If you specifically want to define elementwise operations. Then broadcasting may help you for the first level. For other levels, you can still apply broadcasting to broadcasted operations (which you then have to define when they don’t exist, and is arguably more cumbersome way). But, as mentioned above, there are also other ways of doing things, for example using comprehensions:

julia> [[1,2].*y for y in [[3,4], [5,6]]]
2-element Array{Array{Int64,1},1}:
 [3, 8] 
 [5, 12]

Another point should probably be made here. Elementwise operations do exist in Julia. If you want to perform the elementwise product of two arrays of the same arbitrary size, you can always use… the broadcasted * operation!

What we are speaking of here is not an elementwise operation, since operands don’t have the same shape. It happens that what you wanted in this very specific case could have been more easily implemented by a combination of broadcasting and elementwise product if such a product had been available with a specific name (as opposed to the broadcasted use of a generic *operator).

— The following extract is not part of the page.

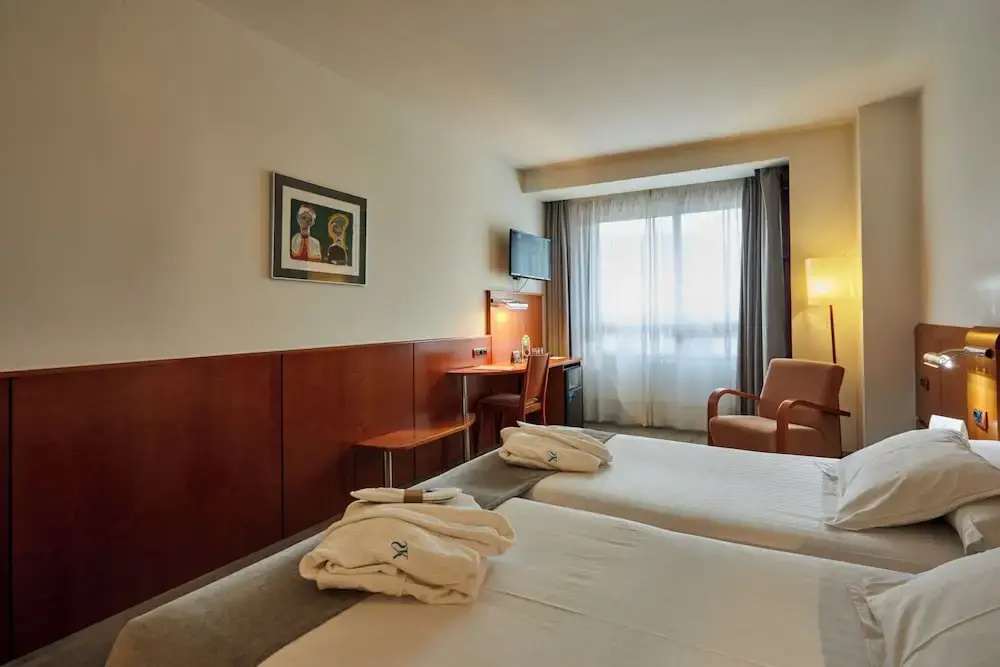 Hotel Silken Monumental Naranco - Chambres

Now, there are different ways of interpreting the “elementwise” product of [1,2] and [[3,4], [5,6]]. One is, like above, to think of [1,2] as a scalar that you multiply (elementwise) in turn to [3,4] and [5,6]. Another way could be to consider [1,2] and [[3,4], [5,6]] both as vectors of size 2 and perform their elementwise product. The first element of the resulting array would then be the “elementwise” product of 1 and [3,4] (where 1 would have to be considered as a scalar and multiplied elementwise to both elements of [3,4]):

julia> [x.*y for (x,y) in zip([1,2], [[3,4], [5,6]])]
2-element Array{Array{Int64,1},1}:
 [3, 4]  
 [10, 12]

If elementwise product was the default in Julia, then what would/should be the correct interpretation of:

[1,2] .* [[3,4], [5,6]]

My answer would be that there is no correct definition of the above, which is why it errors out (as it should). And then we’re back to the conclusion that in order to unequivocally define what you want to do, you have to mix broadcasting (where you have some control over what gets considered as a scalar) and “plain” elementwise operations (where all operands have to have the same shape) on multiple levels. I’m not sure it can be reasonably expected to find a simple syntax allowing to easily describe the combinatorics of possible interpretations when the number of levels increases.

2 Likes

Thank you for this extensive explanation of reasoning! I agree with the difficulties and ambiguities you mention, and plain arrays of plain arrays are probably not the most common thing anyway. However arrays of staticarrays are more common, and while a .+ b works fine for such cases, seemingly-same a ./ b does not. And even understanding the reasons of why it is made so does not help with significantly more verbose syntax and unintuitive failure modes. E.g. a ./ b executes successfully, it’s only somewhere later things go wrong: in case of a <: Array{SVector} when a function expecting a vectors gets a matrix, and in case of a <: Array{SArray{Tuple{3, 3}}} actually never! Nothing throws an error, only the end result differs.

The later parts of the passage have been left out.